Die Durano sind zwar Laufschuhe, aber sie sind mehr was für Gelegenheitsläufer und kurze Strecken. OK, noch sind die Strecken kurz, aber ich habe den Eindruck, du läufst zu oft für die Durano.

Daniel
Daniel
21. Juli, 2017 09:39

Ich glaube auch, dass du dir mit solchen Schuhen keinen Gefallen tust. Geh mal in einen richtigen Laufladen (nicht Intersport o.ä.) und lass dir da ein paar gute und für dich passende Schuhe verkaufen. Dann brauchst du auch keine Wechselschuhe mehr. Die sind dann zwar ein bisschen teurer, aber mehr braucht man ja zum Glück zum Laufen nicht..

Noch ein gut gemeinter Rat: Ein Erholungstag mehr pro Woche würde dir sicher gut tun. Ich denke, dass dein Trainingserfolg sogar eher besser wird wenn dein Körper mehr regenerieren kann. Drei Läufe pro Woche sind auch völlig ausreichend, ich laufe zum Beispiel erst vier Mal, seit ich mich auf einen Halbmarathon vorbereite.

Ansonsten: Viel Spaß und Erfolg weiterhin!

Frederic
Frederic
21. Juli, 2017 10:15

Auch noch ein Wort der Warnung von meiner Seite: Ich habe ähnlich wie du vor ein paar Jahren mit dem Laufen angefangen um Gewicht abzubauen. Mein Ziel war ebenfalls “Couch to 5k” und ich habe ebenfalls deutlich schneller Fortschritte als geplant gemacht und war dann am Ende bei 10km / Lauf, was ich 2-3 mal die Woche gemacht habe.

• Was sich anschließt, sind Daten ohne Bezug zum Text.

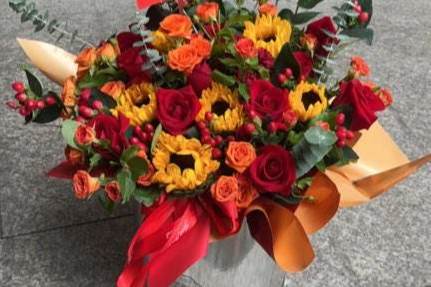 曲靖师宗县花店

Dann bin ich allerdings umgezogen und ein paar Wochen nicht mehr zum Laufen gekommen. Als ich wieder eingestiegen bin, ging das von der Kondition her auch wieder – allerdings waren meine Gelenke und Bänder wohl noch nicht so weit. Ergebnis: Wiederkehrende Schmerzen im Knie, die in einer Entzündung mündeten. Und die hat dann wiederum auf den Meniskus geschlagen, den ich mir dann ein paar Wochen später angerissen habe. Jetzt kann ich gar nicht mehr Laufen gehen.

Lehre vom Ganzen: Nicht übertreiben, auch wenn es sich in dem Moment geil anfühlt und man seine eigenen Grenzen erkunden will. Lieber entspannt angehen, dann hat man auf Dauer mehr davon.

Daniel
Daniel
21. Juli, 2017 14:28

Nunja, wenn du beispielsweise Montag, Mittwoch und Freitag läufst, ergibt sich ein regelmäßiger Wochenplan mit einer zwei-Tage-Pause. Das ist für Körper und Motivation eigentlich ganz angenehm und lässt dich wahrscheinlich sogar schneller besser werden.

Ich möchte damit ja auch nicht sagen dass dein Training jetzt nicht funktioniert, aber behalt das mal im Hinterkopf. Wie viele Wochen läufst du jetzt eigentlich schon?